The following additional facts are relevant to our discussion of this issue. On the first day of testimony, the plaintiff began to describe how she had put her education on hold to start a family. The defendant’s counsel objected on the ground that the testimony related to the first marriage, the dissolution of which *648 already had been adjudicated, and not the second marriage. The trial court overruled the objection and allowed the testimony, commenting: “I agree with you, counsel, but certainly the accumulative [e]ffect of these two marriages, I mean, they were — I [am] assuming you were involved in the eight years between the two marriages too, right?” Later the same day, the trial court asked the plaintiff if she thought the court “should look at this marriage as a six year marriage or ... as a longer marriage.” The plaintiff responded: “[L]onger. . . . We’ve been together for almost twenty-three years. I mean there was a short period in time but it resumed rather quickly and even though we weren’t remarried, we acted as if we were married.”
On the second day of trial, the parties gave their summations and the trial court issued its oral memorandum of decision. During summation, while the plaintiffs counsel was arguing for permanent alimony for the plaintiff, the court commented: “If I go six years, then I’m basing it on the second marriage, and you want me to go longer. So why don’t you argue why I [should] go longer than six years?” Thereafter, when the parties were arguing about whether assets acquired during the first marriage should be included in the current dissolution proceedings, the court remarked, referring to the dissolution agreement from the first marriage: “But [the plaintiff] didn’t get any part of the pension, then.” Finally, when it issued its oral decision, the court noted, “first of all, obviously we go back to 1981 in some respects but it’s a long-term relationship which maybe ... it should have been severed permanently but it wasn’t, and here we are back again.”

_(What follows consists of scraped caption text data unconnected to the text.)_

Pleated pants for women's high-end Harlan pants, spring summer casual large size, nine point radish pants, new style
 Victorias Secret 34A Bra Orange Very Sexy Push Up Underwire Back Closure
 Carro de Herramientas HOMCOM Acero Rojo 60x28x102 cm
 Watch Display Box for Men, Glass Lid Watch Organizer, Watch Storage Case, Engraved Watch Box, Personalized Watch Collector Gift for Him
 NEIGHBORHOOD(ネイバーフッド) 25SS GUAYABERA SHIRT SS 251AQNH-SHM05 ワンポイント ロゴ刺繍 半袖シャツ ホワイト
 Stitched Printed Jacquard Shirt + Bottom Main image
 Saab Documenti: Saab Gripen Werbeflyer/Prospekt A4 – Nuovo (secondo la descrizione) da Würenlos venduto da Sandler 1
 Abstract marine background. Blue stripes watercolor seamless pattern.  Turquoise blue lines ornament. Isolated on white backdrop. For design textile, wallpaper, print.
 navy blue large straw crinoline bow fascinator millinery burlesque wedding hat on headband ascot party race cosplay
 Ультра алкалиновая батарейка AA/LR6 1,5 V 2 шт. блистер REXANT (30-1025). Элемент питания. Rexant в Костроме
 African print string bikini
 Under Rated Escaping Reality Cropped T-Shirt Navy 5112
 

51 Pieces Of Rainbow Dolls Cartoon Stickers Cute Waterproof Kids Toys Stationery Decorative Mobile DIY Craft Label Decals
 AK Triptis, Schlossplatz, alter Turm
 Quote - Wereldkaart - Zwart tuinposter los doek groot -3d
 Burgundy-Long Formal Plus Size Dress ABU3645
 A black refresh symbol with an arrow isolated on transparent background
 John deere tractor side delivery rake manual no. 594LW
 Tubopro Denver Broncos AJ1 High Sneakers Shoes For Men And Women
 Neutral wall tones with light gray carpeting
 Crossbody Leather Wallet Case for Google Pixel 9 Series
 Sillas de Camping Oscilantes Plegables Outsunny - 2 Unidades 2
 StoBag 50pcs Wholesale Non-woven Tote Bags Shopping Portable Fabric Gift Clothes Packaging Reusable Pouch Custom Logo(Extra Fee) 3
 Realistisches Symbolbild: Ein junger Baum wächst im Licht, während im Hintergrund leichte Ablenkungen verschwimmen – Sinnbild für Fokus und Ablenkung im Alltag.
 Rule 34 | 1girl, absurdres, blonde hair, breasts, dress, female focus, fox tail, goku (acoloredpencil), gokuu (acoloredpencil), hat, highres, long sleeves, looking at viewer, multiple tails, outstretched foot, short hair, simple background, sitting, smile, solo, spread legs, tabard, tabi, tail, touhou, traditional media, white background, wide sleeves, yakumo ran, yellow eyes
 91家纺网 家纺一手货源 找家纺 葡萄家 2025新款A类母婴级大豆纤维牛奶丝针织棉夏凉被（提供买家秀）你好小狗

At the hearing on the defendant’s motions to reargue and for articulation, in response to the plaintiffs argument that the court’s adjudication was fair and abided by the statutory terms, the court noted: “But [the defendant is] arguing that I shouldn’t or couldn’t consider *649 . . . the totality of the marriages and involvement.” The plaintiffs counsel replied: “I don’t think that you did. I don’t think that in your decision that you did consider the first marriage. I think that you considered the station of the parties. I think you considered the length of this marriage. I think you considered the earning capacities.” The court responded: “Unfortunately, I also considered the totality of their relationships. ... I considered the totality of the relationships and family relationships and I’m not saying I’m changing anything .... I’m trying to give [the defendant’s counsel] something . . . for the record. I hope it doesn’t hurt [the plaintiffs] case. I’m just telling you that I considered that they were together, you know, even as sweethearts I guess, before they — [the plaintiff] devoted I don’t know how many years of her life to this gentleman. . . . [Y]ou’re pinning me doum to say six years of marriage. Obviously, I considered more than that. . . . Now, if that’s appealable, you know, I did do that counsel, and you know that.” (Emphasis added.) The defendant then tried to clarify what the court meant, asking, “when you say you considered the . . . totality of the relationship . . . that would include the first marriage . . . [i]s that right?” The court responded: “However you want to put it. I consider their involvement together twenty-five years .... I looked at the entire relationship. I did do that. Now if that’s appeal-able, I don’t know. I’m sorry if I hurt your case any, counsel.” When the defendant pointed out that the issues involved in the first marriage’s dissolution already had been adjudicated and therefore properly could not be relitigated in the present case, the trial court responded that it did not know anything about the terms of that adjudication and whether the plaintiff had received a share of the disputed assets in the previous dissolution judgment.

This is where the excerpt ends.